*** Opening Provided information ***

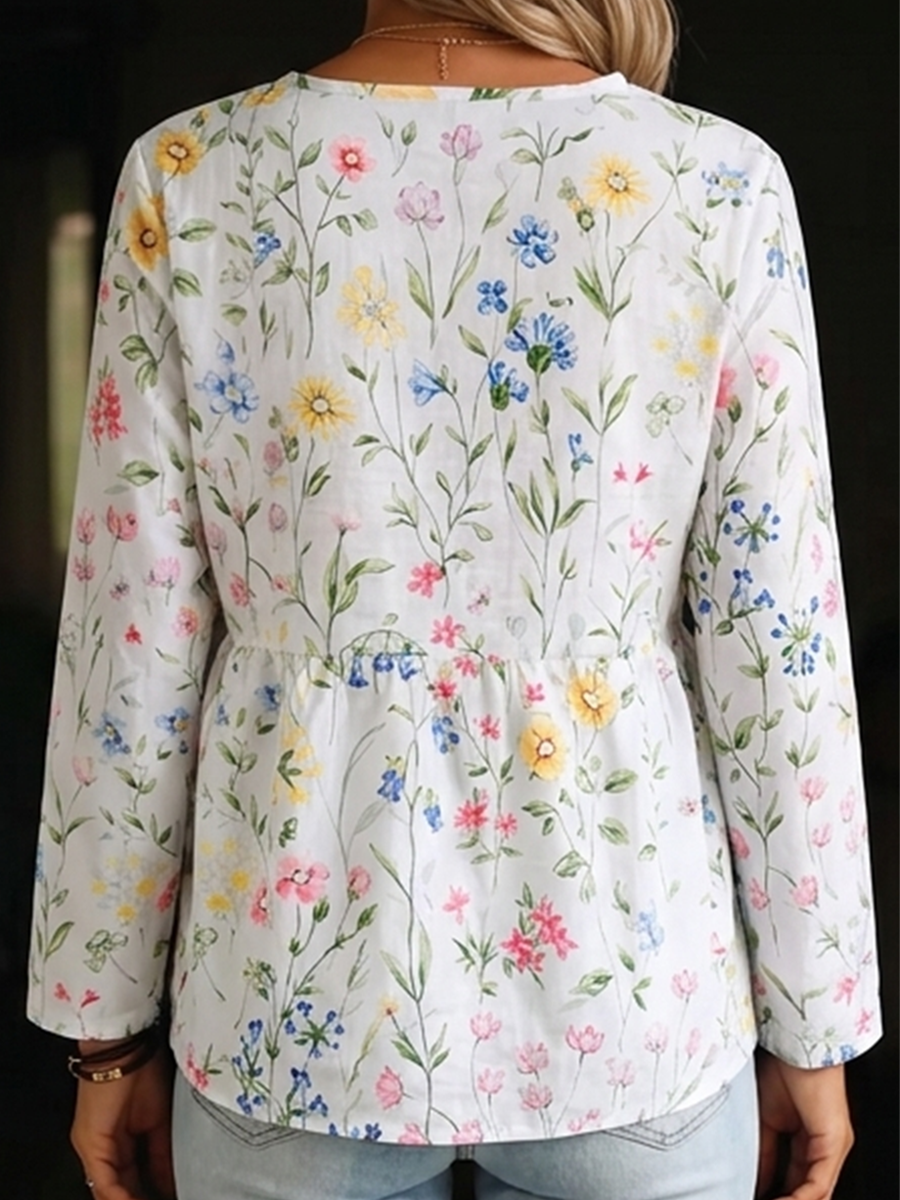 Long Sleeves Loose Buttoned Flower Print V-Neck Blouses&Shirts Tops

*** Closing Provided information ***
*** Opening Provided information ***

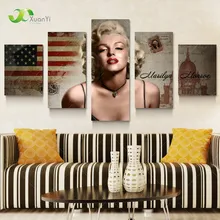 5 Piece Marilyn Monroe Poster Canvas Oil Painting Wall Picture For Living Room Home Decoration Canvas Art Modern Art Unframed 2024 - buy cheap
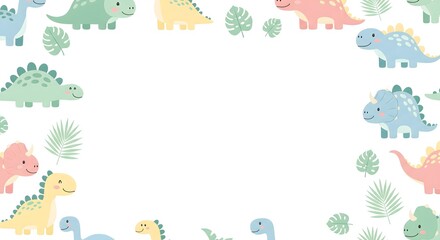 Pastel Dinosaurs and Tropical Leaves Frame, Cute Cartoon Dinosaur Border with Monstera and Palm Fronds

*** Closing Provided information ***
*** Opening Provided information ***

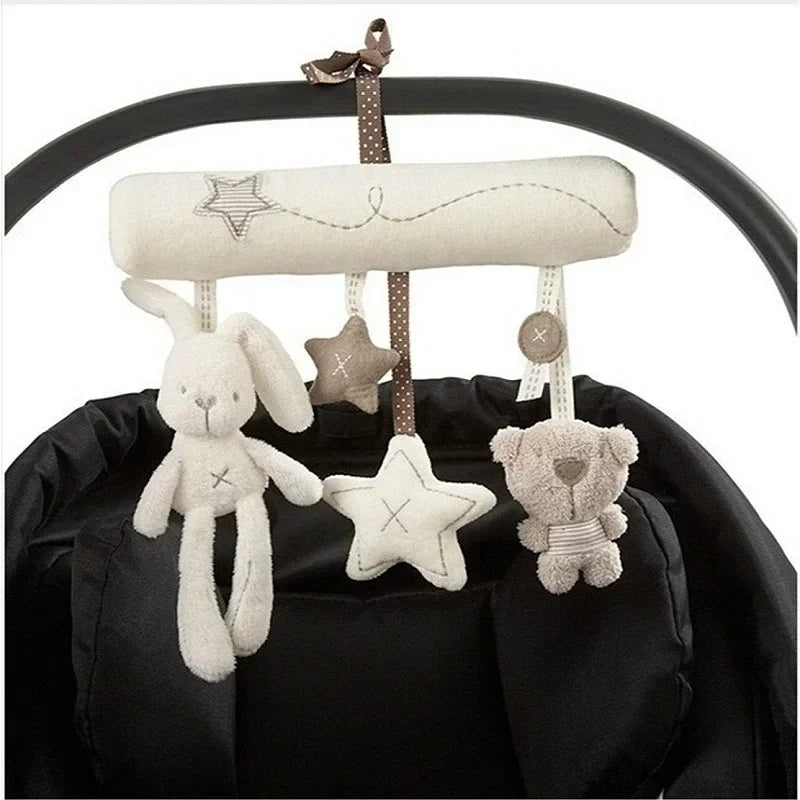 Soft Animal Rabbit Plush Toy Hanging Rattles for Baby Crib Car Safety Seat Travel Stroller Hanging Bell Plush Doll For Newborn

*** Closing Provided information ***

- [How to complete this task] Copy back exactly the lines above from the one containing "5 Piece Marilyn" through the one containing "Pastel Dinosaurs and", and leave every picture behind.

- [Problem solution]
 5 Piece Marilyn Monroe Poster Canvas Oil Painting Wall Picture For Living Room Home Decoration Canvas Art Modern Art Unframed 2024 - buy cheap
 Pastel Dinosaurs and Tropical Leaves Frame, Cute Cartoon Dinosaur Border with Monstera and Palm Fronds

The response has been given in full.